وَهُوَ مَعَكُمْ اَيْنَ مَا كُنْتُمْۜ

“…Nerede olsanız, O sizinle beraberdir…” (el-Hadîd, 4)

وَنَحْنُ اَقْرَبُ اِلَيْهِ مِنْ حَبْلِ الْوَر۪يدِ

“Biz ona şahdamarından daha yakınız.” (Kāf, 16)

Cenâb-ı Hak; âyet-i kerîmede, bize yakınlığını ve O’na bizim yaklaşmamızın yolunu şöyle bildirmektedir:

وَاِذَا سَاَلَكَ عِبَاد۪ي عَنّ۪ي فَاِنّ۪ي قَر۪يبٌۜ اُج۪يبُ دَعْوَةَ الدَّاعِ اِذَا دَعَانِۙ فَلْيَسْتَج۪يبُوا ل۪ي وَلْيُؤْمِنُوا ب۪ي لَعَلَّهُمْ يَرْشُدُونَ

(Ey Habîbim!) Kullarım Sana Ben’i sorduğunda (Sen kullarıma söyle:)

  • Ben çok yakınım.
  • Bana duâ ettikleri vakit, duâ edenin dileğine karşılık veririm.

O hâlde (kullarım da) Ben’im davetime uysunlar (Kitap ve Sünnet’in muhtevâsı içinde hayatlarını devam ettirsinler) ve Bana inansınlar ki doğru yolu bulsunlar.” (el-Bakara, 186)

Şu âyet-i kerîmede de, Allah ve Rasûlü’ne icâbet emredilmektedir:

HAYAT DÜSTURLARI

“Ey îmân edenler! Hayat verecek şeylere sizi çağırdığı zaman, Allah ve Rasûlü’ne icâbet edin / uyun. Ve bilin ki, Allah kişi ile onun kalbi arasına girer ve siz mutlaka O’nun huzûrunda toplanacaksınız.” (el-Enfâl, 24)

Demek ki;

Kitap ve Sünnet, yani Allah ve Rasûlü’nün bizi davet ettiği hususlar, bize hayat ve huzur veren, bizi ebedî saâdete kavuşturan hakikatlerdir.

Maalesef âhiretin unutturulduğu, modern bir câhiliyyenin yaşandığı devrimizde; dînî hakikatler, hayatın akışına mâni imiş, insanların dünyevî inkişâfına engel çıkarırmış şeklinde menfî telkinler yapılmaktadır.

“Bu zamanda olur mu?”, “Bu çağda bu kafa!” ve benzeri şeytânî ve nefsânî karalamalarla, ilâhî tâlimatlar tezyif edilmeye çalışılmaktadır.

Hâlbuki; biz kulların Allâh’a yakınlığının yegâne yolu, O’nun tâlimatlarına ittibâ etmemizdir.

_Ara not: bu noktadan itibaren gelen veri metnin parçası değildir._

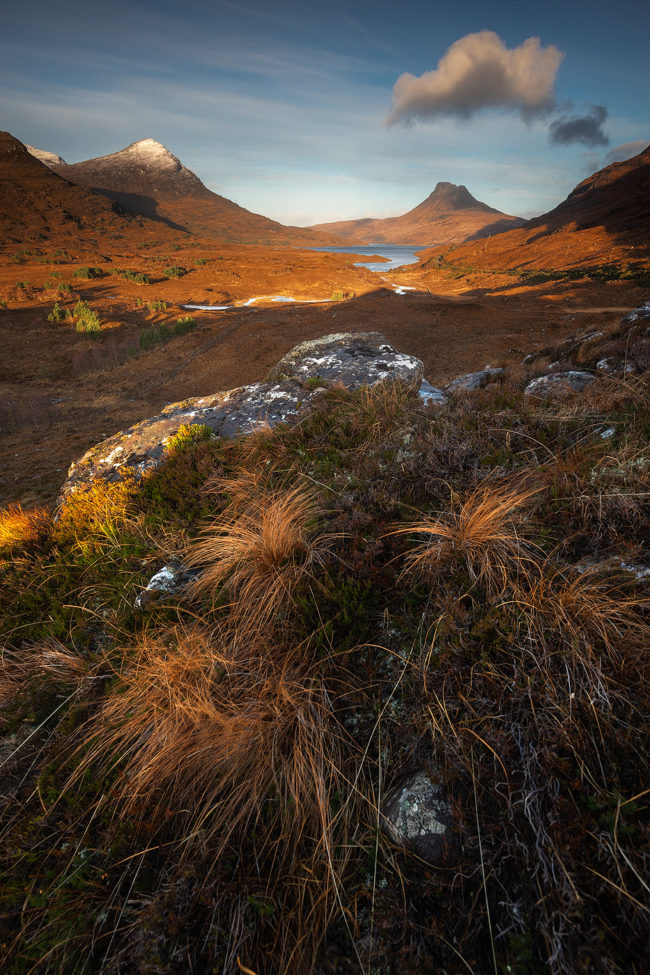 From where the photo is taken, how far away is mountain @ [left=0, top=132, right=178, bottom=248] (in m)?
56.6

İnsanla beraber bütün mahlûkātı ve bütün cihânı, mâzîyi ve istikbâli yaratan Allah’tır. O’nun dîni, iki cihanda da huzur ve saâdetin reçetesidir.

Cenâb-ı Hak buyurur:

وَاِنَّ لَنَا لَلْاٰخِرَةَ وَالْاُولٰى

“Şüphesiz âhiret de dünya da Bizim’dir. (İkisinde de hüküm Bizim’dir.)(el-Leyl, 13)

Ne hazindir ki, dînî hakikatlere çağ dışı diyenler; muâsır dinsizlerin içinde yuvarlandığı ve debelendiği sefâleti, saâdet zannetmektedir. Ferdi intiharda, uyuşturucuda ve cinsî sapkınlıklarda çare arayan; ailesi çökmüş ve parçalanmış; toplumu da tefessüh etmiş olan batı dünyası, maalesef insanımıza ideal bir toplum olarak takdim edilmektedir!

Oysa;

Batı dünyası; Irak’tan Yemen’e, Filistin’den Libya’ya, Arakan’dan Suriye’ye müslüman beldelerini mâtem ülkeleri hâline getirdi. Yüz binler katledildi, insan hakları gasp edildi. «Hürriyet vereceğiz ve demokrasi getireceğiz!» diyerek, maskeli şekilde bütün imkânlarını sömürdü, fitneler çıkardı, iki tarafa da silâh satıp birbirine düşürdü, felâketler yağdırdı, kan ağlattı.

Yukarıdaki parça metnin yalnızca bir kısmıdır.